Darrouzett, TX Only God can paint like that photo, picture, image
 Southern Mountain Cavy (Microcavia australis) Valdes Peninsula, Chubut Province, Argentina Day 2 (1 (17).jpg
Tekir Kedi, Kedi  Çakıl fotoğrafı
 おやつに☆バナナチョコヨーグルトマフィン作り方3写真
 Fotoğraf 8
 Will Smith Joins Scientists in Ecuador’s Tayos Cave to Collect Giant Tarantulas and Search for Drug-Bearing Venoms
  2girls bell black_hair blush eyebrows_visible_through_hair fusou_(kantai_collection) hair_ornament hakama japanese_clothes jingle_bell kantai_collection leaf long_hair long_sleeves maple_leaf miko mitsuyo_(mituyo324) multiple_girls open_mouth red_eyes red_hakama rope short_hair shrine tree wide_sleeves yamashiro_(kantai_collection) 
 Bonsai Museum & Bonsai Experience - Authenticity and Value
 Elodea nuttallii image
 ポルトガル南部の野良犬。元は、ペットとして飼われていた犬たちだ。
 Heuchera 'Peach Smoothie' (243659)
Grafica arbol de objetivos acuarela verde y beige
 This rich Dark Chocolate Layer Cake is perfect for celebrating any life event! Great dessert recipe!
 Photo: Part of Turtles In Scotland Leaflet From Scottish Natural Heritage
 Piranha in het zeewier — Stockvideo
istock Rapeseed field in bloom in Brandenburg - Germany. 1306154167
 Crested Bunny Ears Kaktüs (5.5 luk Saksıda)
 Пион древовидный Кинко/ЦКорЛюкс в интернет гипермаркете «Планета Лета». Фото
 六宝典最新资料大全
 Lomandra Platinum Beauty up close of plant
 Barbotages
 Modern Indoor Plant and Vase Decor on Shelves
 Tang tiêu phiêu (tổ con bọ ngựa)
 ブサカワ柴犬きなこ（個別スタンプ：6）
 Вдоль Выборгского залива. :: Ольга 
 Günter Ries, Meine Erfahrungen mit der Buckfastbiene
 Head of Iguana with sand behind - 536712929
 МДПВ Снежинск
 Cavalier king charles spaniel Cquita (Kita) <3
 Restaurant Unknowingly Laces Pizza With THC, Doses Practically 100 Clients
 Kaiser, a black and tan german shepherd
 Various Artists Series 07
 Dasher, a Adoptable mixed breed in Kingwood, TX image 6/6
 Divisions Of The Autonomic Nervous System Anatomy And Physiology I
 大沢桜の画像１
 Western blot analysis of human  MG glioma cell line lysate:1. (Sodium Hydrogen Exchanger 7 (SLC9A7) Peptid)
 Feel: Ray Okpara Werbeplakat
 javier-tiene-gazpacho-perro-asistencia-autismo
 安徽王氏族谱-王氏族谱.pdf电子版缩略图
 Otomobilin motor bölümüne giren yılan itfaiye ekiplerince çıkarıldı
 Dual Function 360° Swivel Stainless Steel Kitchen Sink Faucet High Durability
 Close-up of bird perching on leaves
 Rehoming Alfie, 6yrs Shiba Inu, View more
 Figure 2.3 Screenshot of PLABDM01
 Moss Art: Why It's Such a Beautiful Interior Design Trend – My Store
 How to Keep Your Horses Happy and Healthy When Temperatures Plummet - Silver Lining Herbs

==*==

* Problem to work on *
Reproduce the data above exactly, leaving nothing out.

* Response *
Darrouzett, TX Only God can paint like that photo, picture, image
 Southern Mountain Cavy (Microcavia australis) Valdes Peninsula, Chubut Province, Argentina Day 2 (1 (17).jpg
Tekir Kedi, Kedi  Çakıl fotoğrafı
 おやつに☆バナナチョコヨーグルトマフィン作り方3写真
 Fotoğraf 8
 Will Smith Joins Scientists in Ecuador’s Tayos Cave to Collect Giant Tarantulas and Search for Drug-Bearing Venoms
  2girls bell black_hair blush eyebrows_visible_through_hair fusou_(kantai_collection) hair_ornament hakama japanese_clothes jingle_bell kantai_collection leaf long_hair long_sleeves maple_leaf miko mitsuyo_(mituyo324) multiple_girls open_mouth red_eyes red_hakama rope short_hair shrine tree wide_sleeves yamashiro_(kantai_collection) 
 Bonsai Museum & Bonsai Experience - Authenticity and Value
 Elodea nuttallii image
 ポルトガル南部の野良犬。元は、ペットとして飼われていた犬たちだ。
 Heuchera 'Peach Smoothie' (243659)
Grafica arbol de objetivos acuarela verde y beige
 This rich Dark Chocolate Layer Cake is perfect for celebrating any life event! Great dessert recipe!
 Photo: Part of Turtles In Scotland Leaflet From Scottish Natural Heritage
 Piranha in het zeewier — Stockvideo
istock Rapeseed field in bloom in Brandenburg - Germany. 1306154167
 Crested Bunny Ears Kaktüs (5.5 luk Saksıda)
 Пион древовидный Кинко/ЦКорЛюкс в интернет гипермаркете «Планета Лета». Фото
 六宝典最新资料大全
 Lomandra Platinum Beauty up close of plant
 Barbotages
 Modern Indoor Plant and Vase Decor on Shelves
 Tang tiêu phiêu (tổ con bọ ngựa)
 ブサカワ柴犬きなこ（個別スタンプ：6）
 Вдоль Выборгского залива. :: Ольга 
 Günter Ries, Meine Erfahrungen mit der Buckfastbiene
 Head of Iguana with sand behind - 536712929
 МДПВ Снежинск
 Cavalier king charles spaniel Cquita (Kita) <3
 Restaurant Unknowingly Laces Pizza With THC, Doses Practically 100 Clients
 Kaiser, a black and tan german shepherd
 Various Artists Series 07
 Dasher, a Adoptable mixed breed in Kingwood, TX image 6/6
 Divisions Of The Autonomic Nervous System Anatomy And Physiology I
 大沢桜の画像１
 Western blot analysis of human  MG glioma cell line lysate:1. (Sodium Hydrogen Exchanger 7 (SLC9A7) Peptid)
 Feel: Ray Okpara Werbeplakat
 javier-tiene-gazpacho-perro-asistencia-autismo
 安徽王氏族谱-王氏族谱.pdf电子版缩略图
 Otomobilin motor bölümüne giren yılan itfaiye ekiplerince çıkarıldı
 Dual Function 360° Swivel Stainless Steel Kitchen Sink Faucet High Durability
 Close-up of bird perching on leaves
 Rehoming Alfie, 6yrs Shiba Inu, View more
 Figure 2.3 Screenshot of PLABDM01
 Moss Art: Why It's Such a Beautiful Interior Design Trend – My Store
 How to Keep Your Horses Happy and Healthy When Temperatures Plummet - Silver Lining Herbs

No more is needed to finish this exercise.